- [What the exercise asks]: Repeat word for word the lines starting at the one with "Home Is Where" and ending at the final line of the material, both ends included; omit pictures.

- [Material provided]:
◇ ◇ ◇

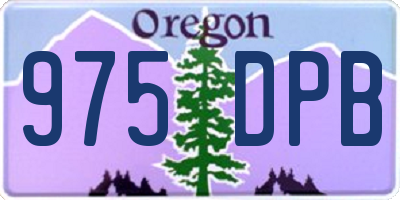 OR license plate 975DPB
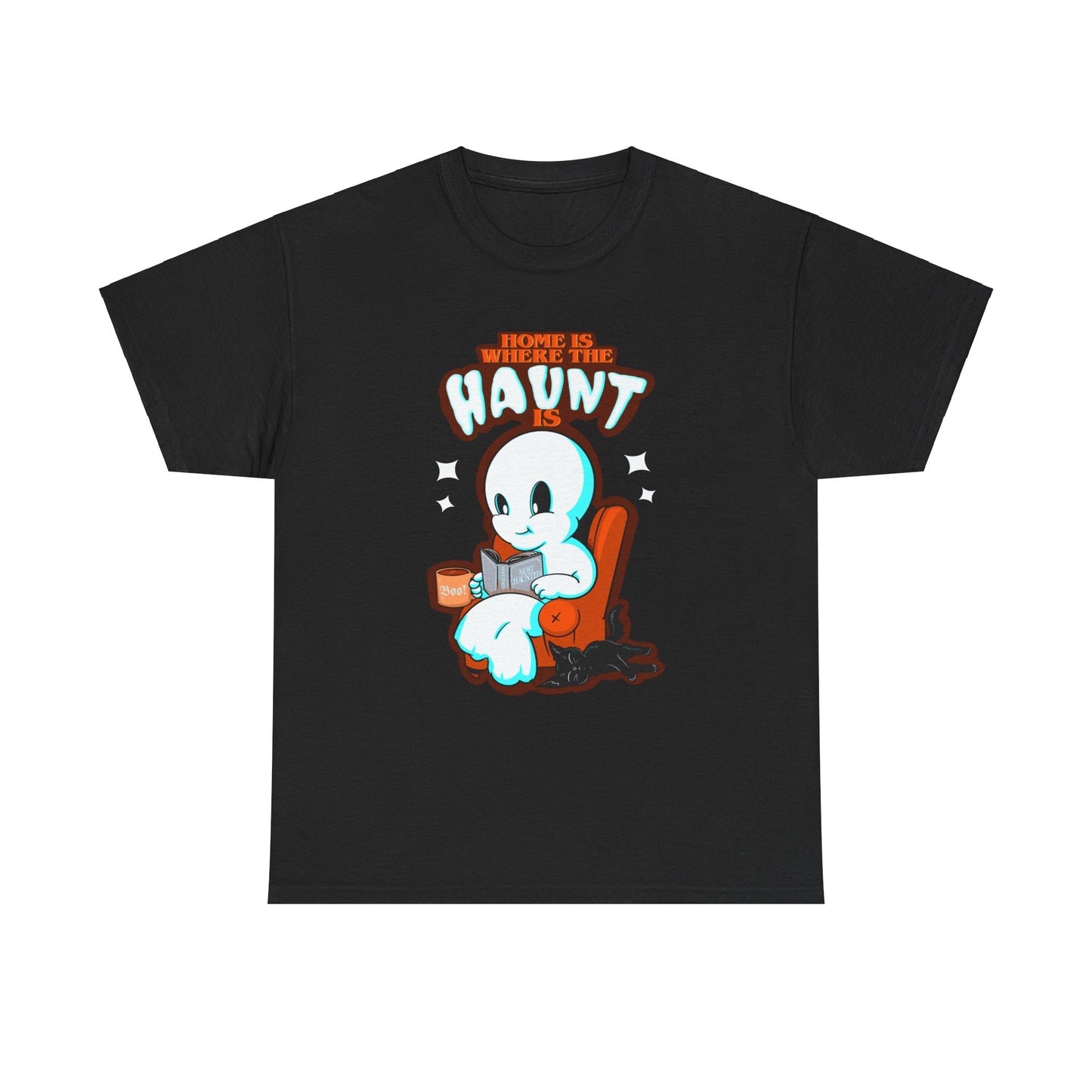 Home Is Where The Haunt Is Unisex Heavy Cotton Tee
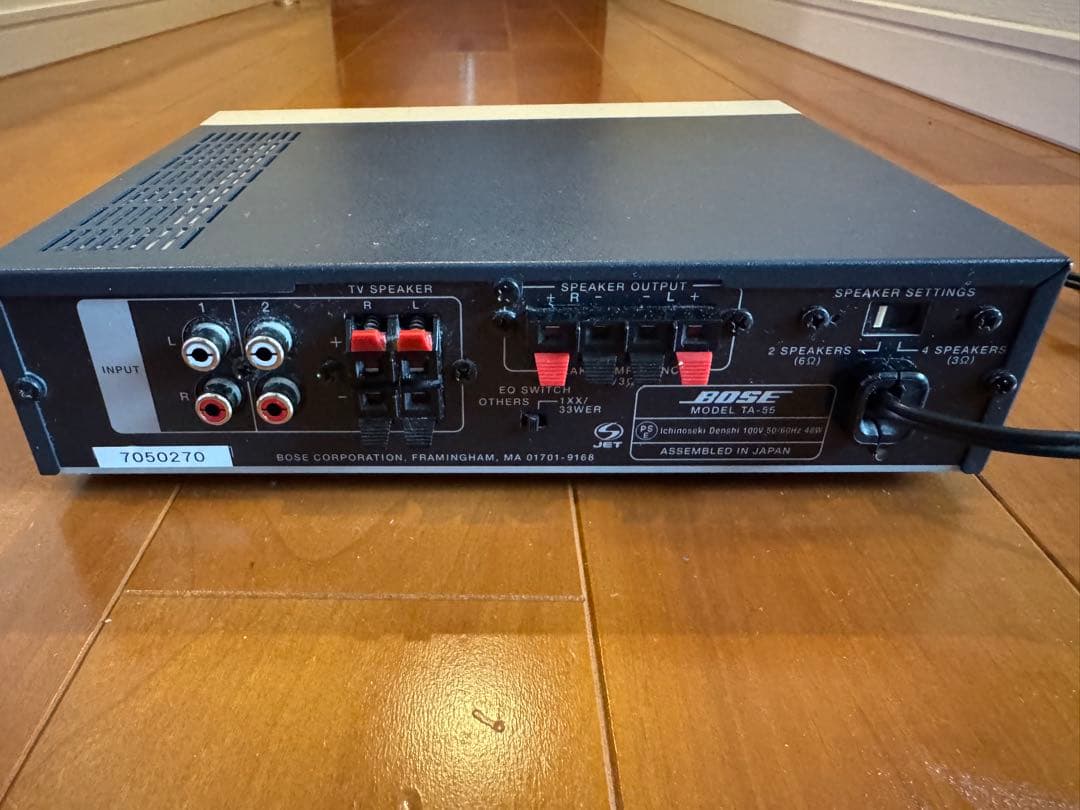 Bose TA-55 アンプ リモコン・説明書付き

◇ ◇ ◇

- [Exercise solution]:
 Home Is Where The Haunt Is Unisex Heavy Cotton Tee
 Bose TA-55 アンプ リモコン・説明書付き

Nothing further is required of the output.